[llvm] r187213 - Add preliminary support for hashing DIEs and breaking them into

Sun Jul 28 12:03:17 PDT 2013

>>> +/// Return true if the type is appropriately scoped to be contained inside
>>> +/// its own type unit.
>>> +static bool isTypeUnitScoped(DIType Ty) {
>>
>> I wonder whether there would be a way to do this by querying the
>> underlying clang::Type to test the same property (would probably be
>> more efficient & not require the slightly problematic
>> DIScope::getContext)
>
> We don't have access to the clang type here?

Oh, right, of course.

> Or did you want to raise
> this sort of thing up to the front end?

Not necessarily - given how far away it is.

> I've had thoughts of doing
> that, just adding a named md node for things that should be in a type
> unit.

What happens to named nodes when merging modules? That would probably
then require the frontend to figure out the "things we omit from a
type unit" & figure out where to put those instead (speaking of which
- we were discussing things that would be omitted from a type unit to
improve type equivalence (member function template specializations
(member types? implicit special member functions (move/copy
ctor/assign dtor)) - where are those things going to go, then? We want
to encode them somewhere), but would this solve or otherwise address
Manman's type uniquing on module merge? If uniqable types were named
metadata we would just store references to that named metadata from
the rest of the debug info metadata.

(not sure how we'd deal with the decl/definition issue)

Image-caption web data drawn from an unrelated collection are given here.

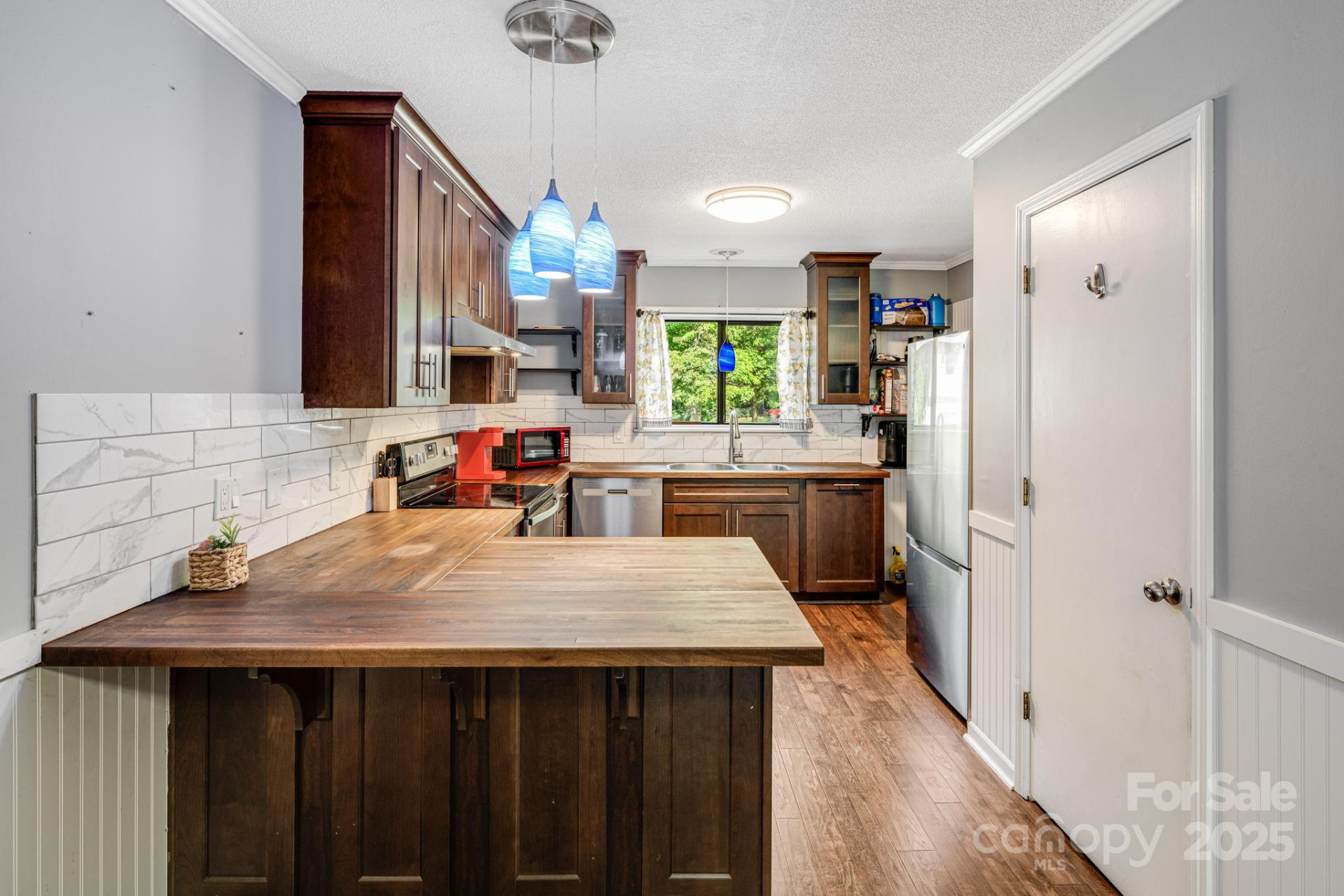 15 Lake Drive #D2 - Photo 13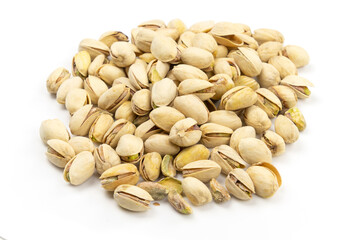 pistaches  grillées isolées sur un fond blanc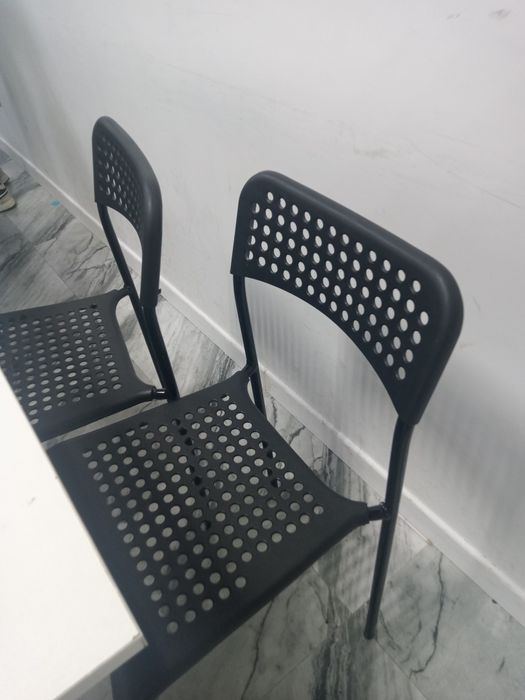 Продам рабочие столы(парты) и стулья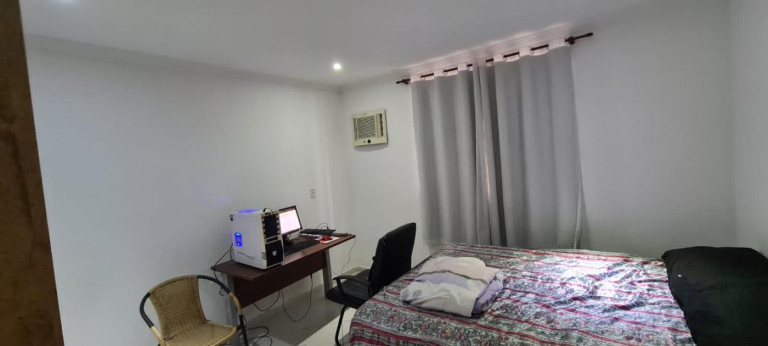 Imagem Casa com 4 Quartos à Venda, 229 m² em Campo Grande - Rio De Janeiro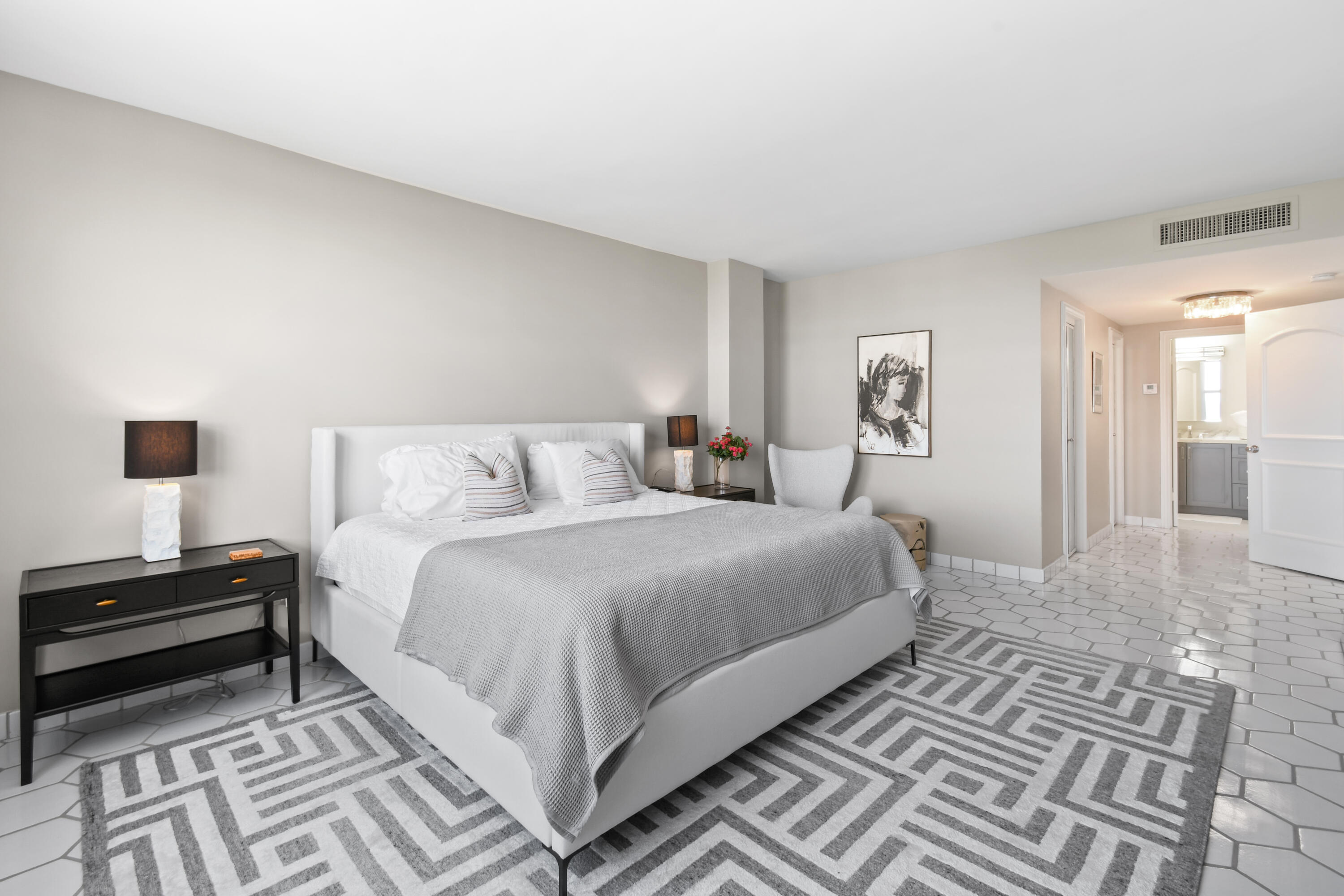 TWENTY TWO NINETY FIVE SOUTH OCEAN BLVD CORP 2295 - Residential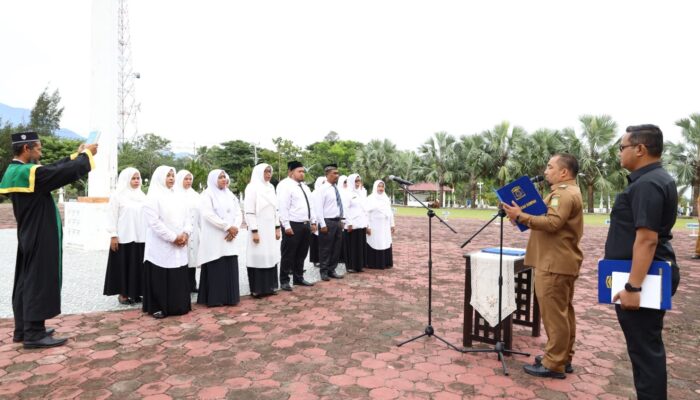 Pj Bupati Aceh Besar Lantik 14 Kepsek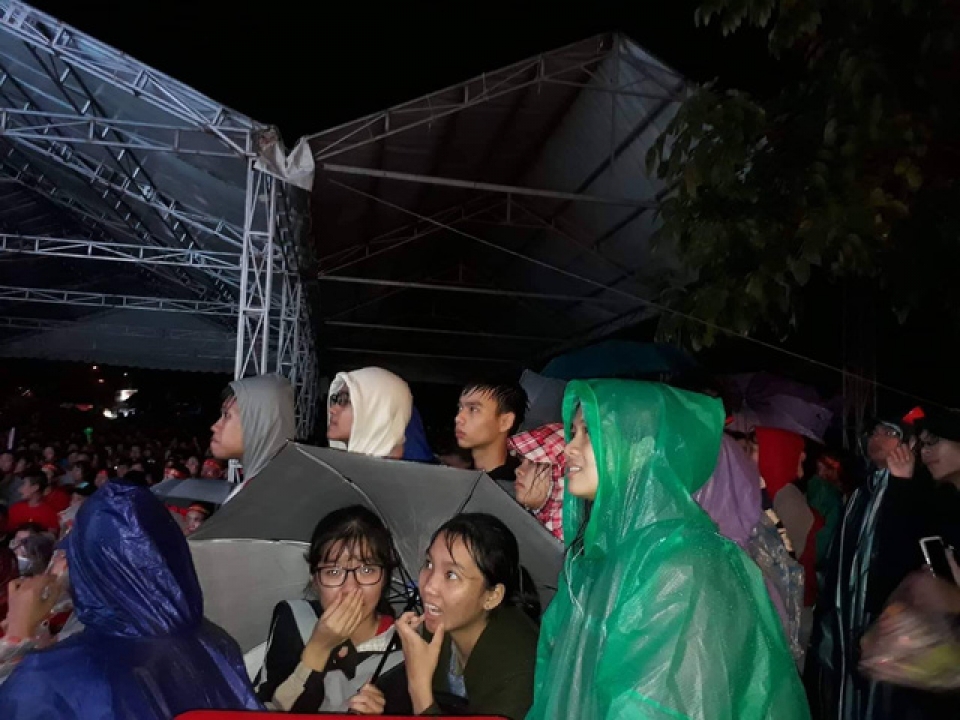 ca nuoc soi sung suc cung chao lua my dinh chia se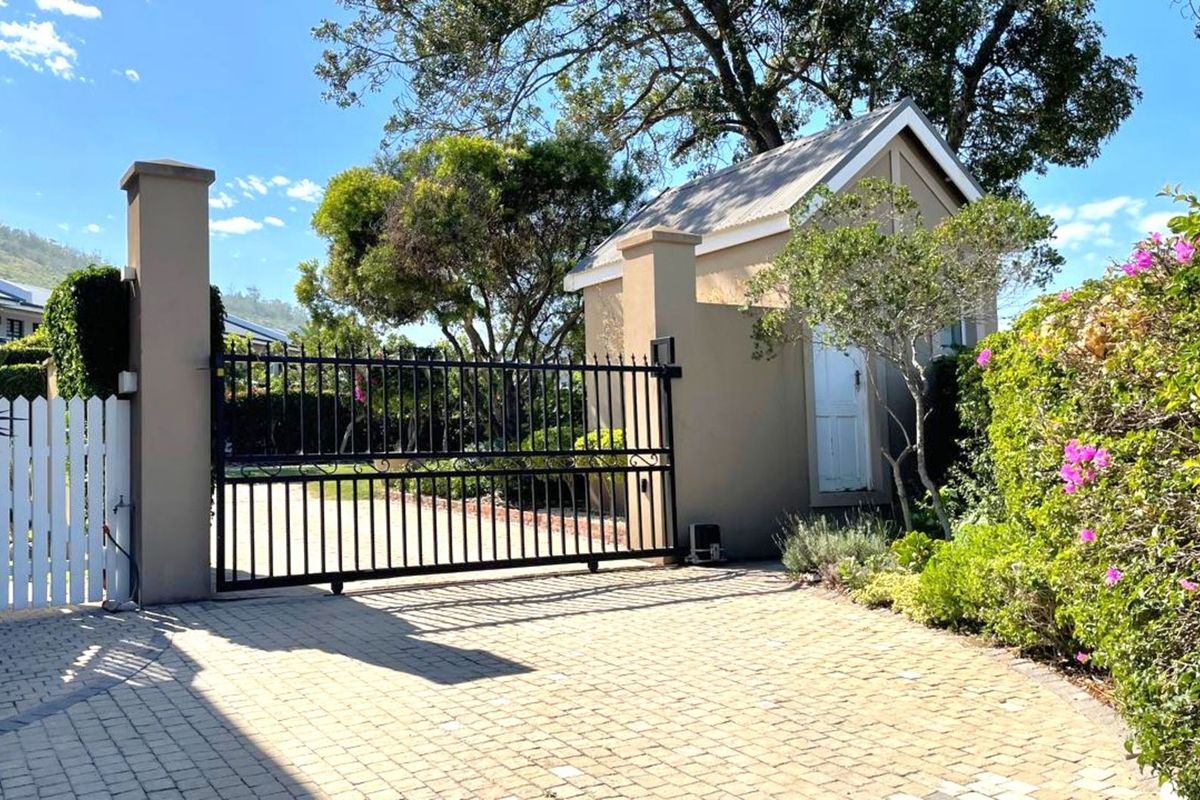 Apartment For Sale in Sedgefield Central - Photo 2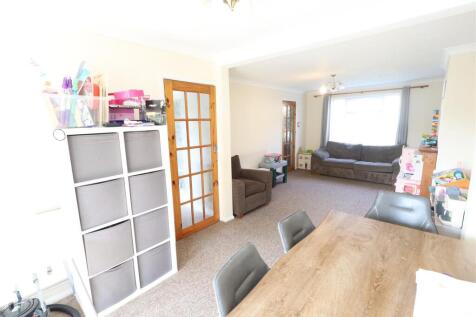 Living/dining area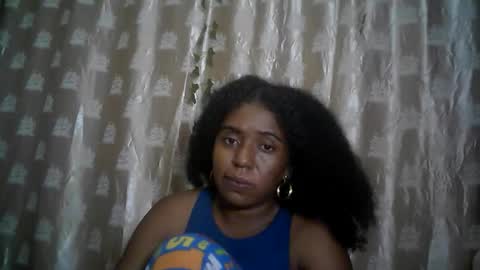 Snapshot of verronique1511 chatting on 05.12.26 verronique1511 online show from 05.12.26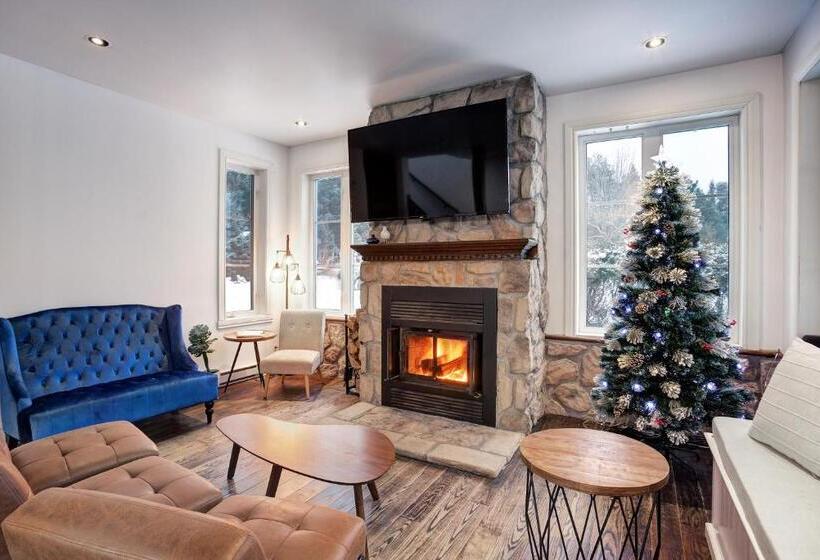 הוסטל Le 900 Tremblant Inn Cafe And Bistro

> It's still evolving so I figured I'd do this for now and move it
> if it made sense.

Yep.

>>> +// FIXME: These are copied and only slightly modified out of LEB128.h.
>>
>> What's the slight modification? What sort of work will be involved in
>> generalizing the two uses so they can use common code?
>>
>>> +
>>> +/// \brief Adds the unsigned in \p N to the hash in \p Hash. This also encodes
>>> +/// the unsigned as a ULEB128.
>>> +static void addULEB128ToHash(MD5 &Hash, uint64_t Value) {
>>> +  DEBUG(dbgs() << "Adding ULEB128 " << Value << " to hash.\n");
>>> +  do {
>>> +    uint8_t Byte = Value & 0x7f;
>>> +    Value >>= 7;
>>> +    if (Value != 0)
>>> +      Byte |= 0x80; // Mark this byte to show that more bytes will follow.
>>> +    Hash.update(Byte);
>
> This line is the modification. I'm open to ways to make this general :)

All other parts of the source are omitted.